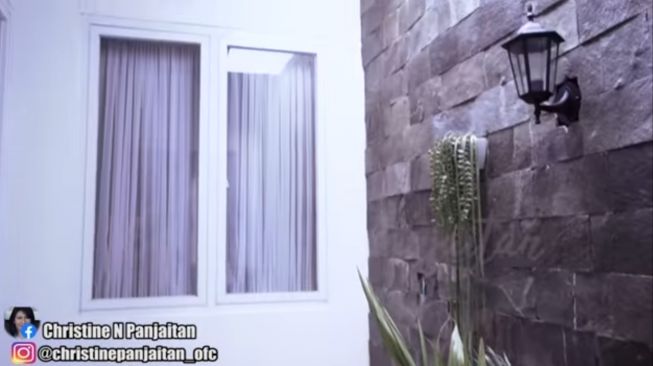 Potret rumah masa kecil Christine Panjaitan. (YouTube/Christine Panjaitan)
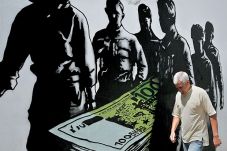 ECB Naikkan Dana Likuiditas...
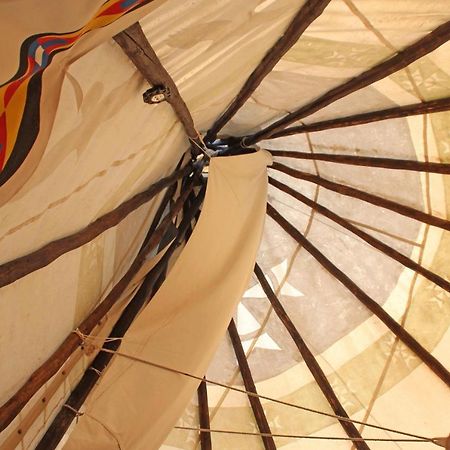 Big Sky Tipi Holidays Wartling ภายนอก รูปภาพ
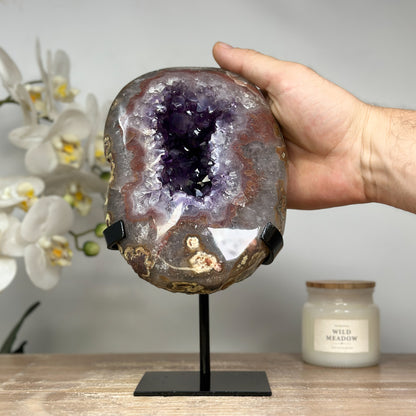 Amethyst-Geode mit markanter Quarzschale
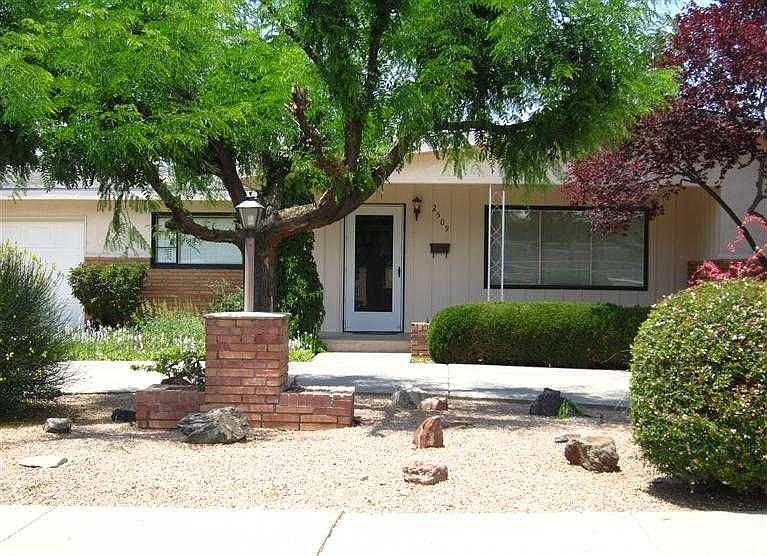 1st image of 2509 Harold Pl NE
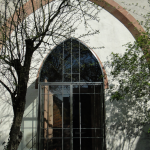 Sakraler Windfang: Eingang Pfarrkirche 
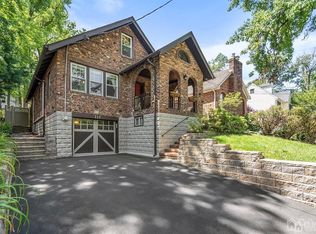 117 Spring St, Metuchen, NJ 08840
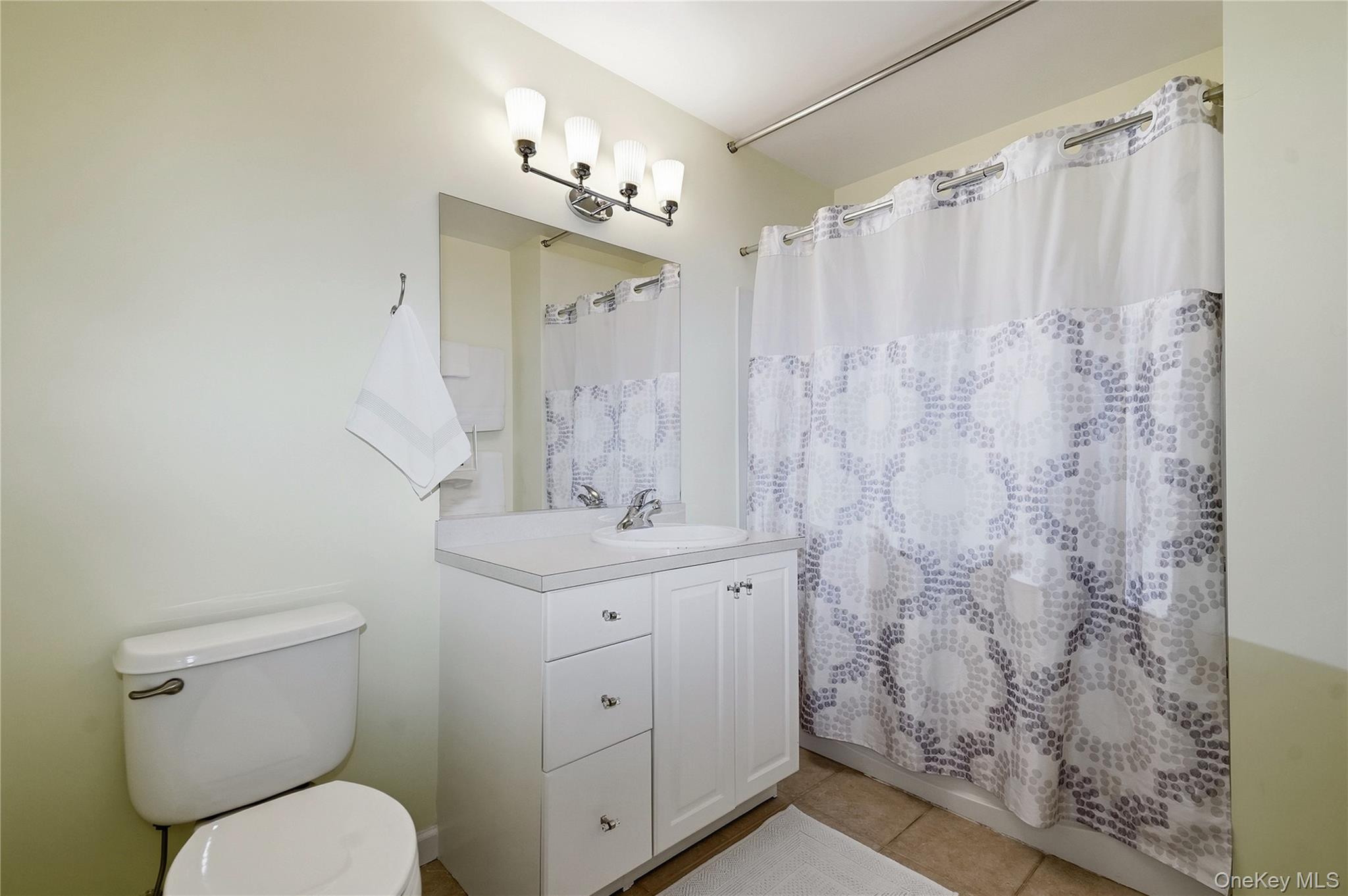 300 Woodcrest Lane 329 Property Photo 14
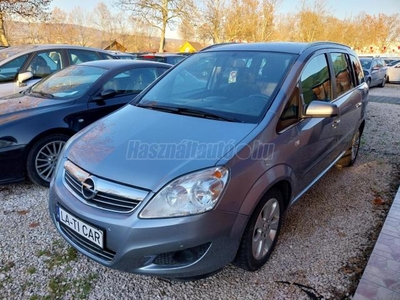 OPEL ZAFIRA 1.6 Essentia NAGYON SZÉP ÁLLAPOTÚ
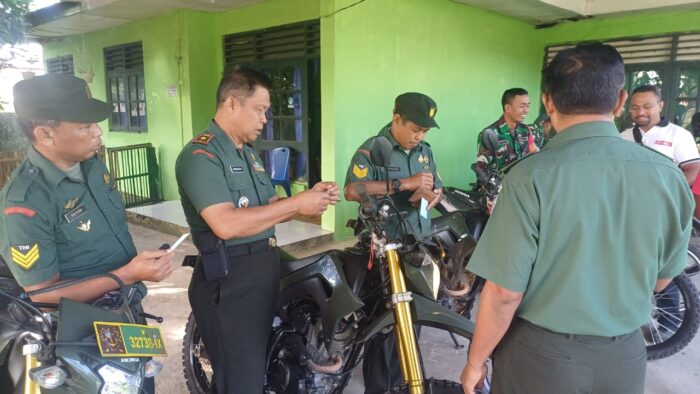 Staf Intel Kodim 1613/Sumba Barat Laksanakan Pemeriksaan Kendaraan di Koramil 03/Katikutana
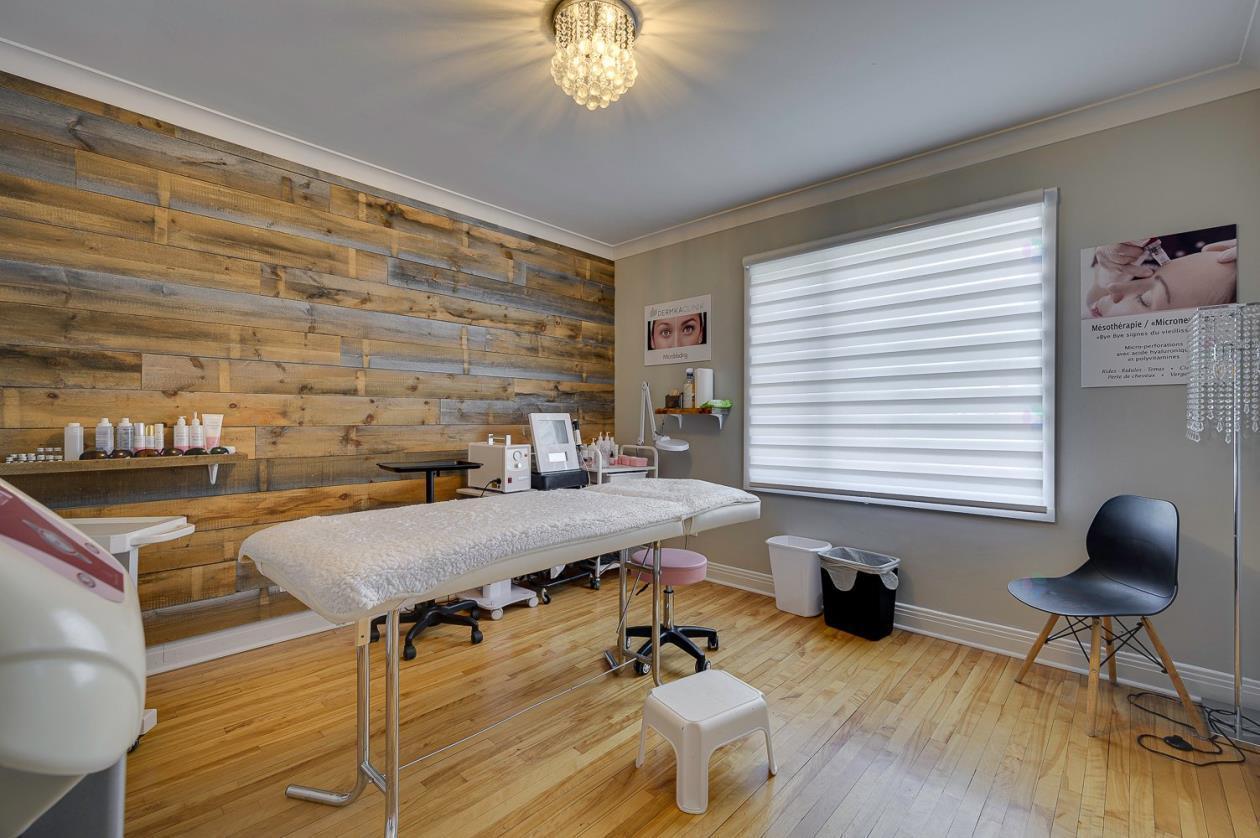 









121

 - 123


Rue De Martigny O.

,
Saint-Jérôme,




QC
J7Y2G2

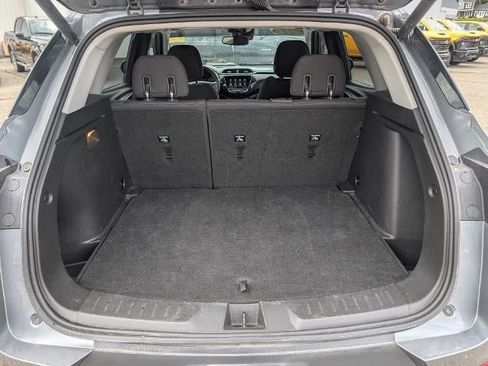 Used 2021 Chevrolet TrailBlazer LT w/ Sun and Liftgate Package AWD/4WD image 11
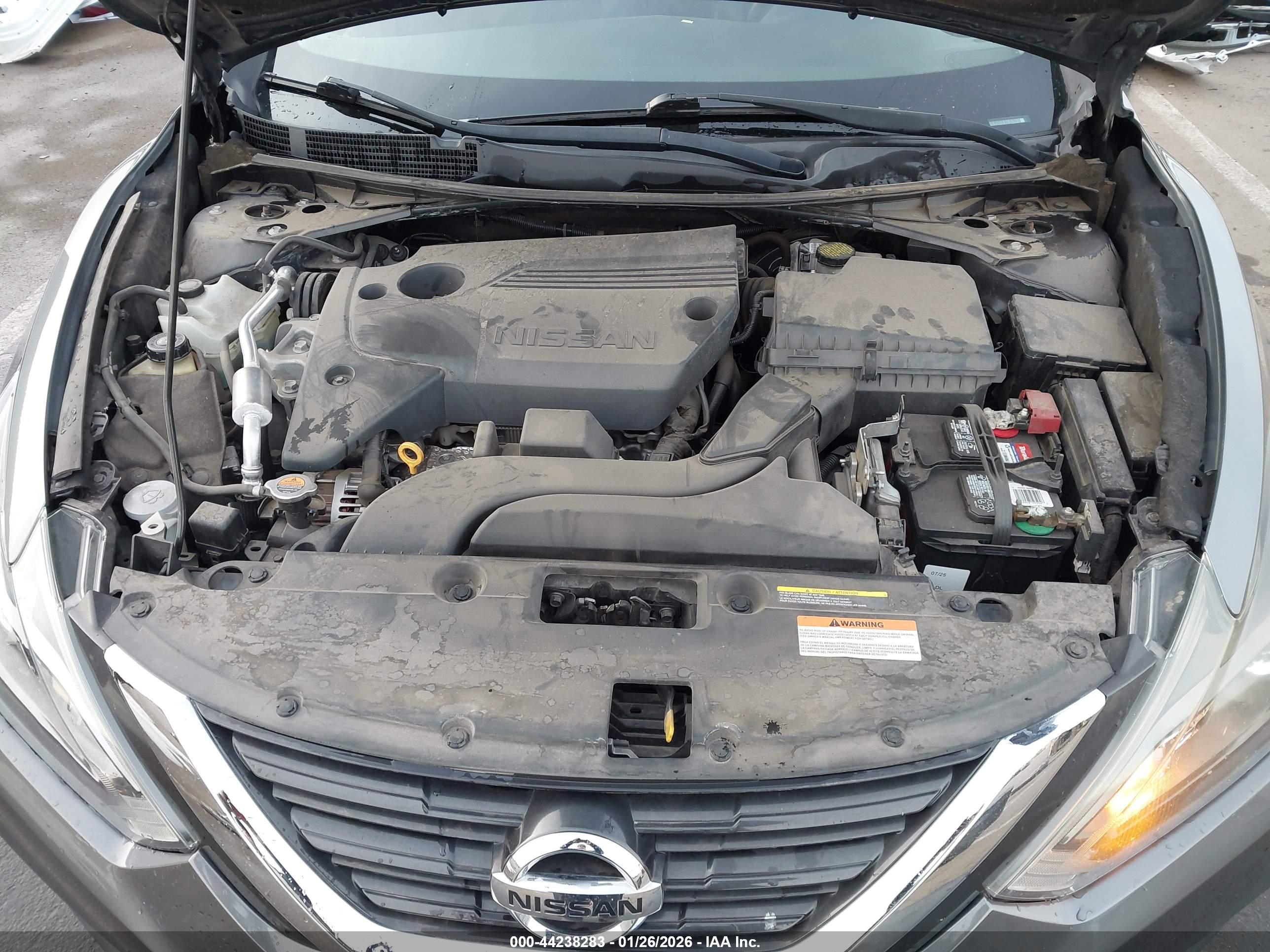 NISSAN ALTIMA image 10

TASK TO CARRY OUT:
All lines from the one containing "Big Sky Tipi Holidays Wartling ภายนอก รูปภาพ" to the last line of the data above, both included, should be printed exactly, and the pictures should not appear.

ANSWER SPACE:
 Big Sky Tipi Holidays Wartling ภายนอก รูปภาพ
 Amethyst-Geode mit markanter Quarzschale
 1st image of 2509 Harold Pl NE
 Sakraler Windfang: Eingang Pfarrkirche 
 117 Spring St, Metuchen, NJ 08840
 300 Woodcrest Lane 329 Property Photo 14
 OPEL ZAFIRA 1.6 Essentia NAGYON SZÉP ÁLLAPOTÚ
 Staf Intel Kodim 1613/Sumba Barat Laksanakan Pemeriksaan Kendaraan di Koramil 03/Katikutana









121

 - 123


Rue De Martigny O.

,
Saint-Jérôme,




QC
J7Y2G2

 Used 2021 Chevrolet TrailBlazer LT w/ Sun and Liftgate Package AWD/4WD image 11
 NISSAN ALTIMA image 10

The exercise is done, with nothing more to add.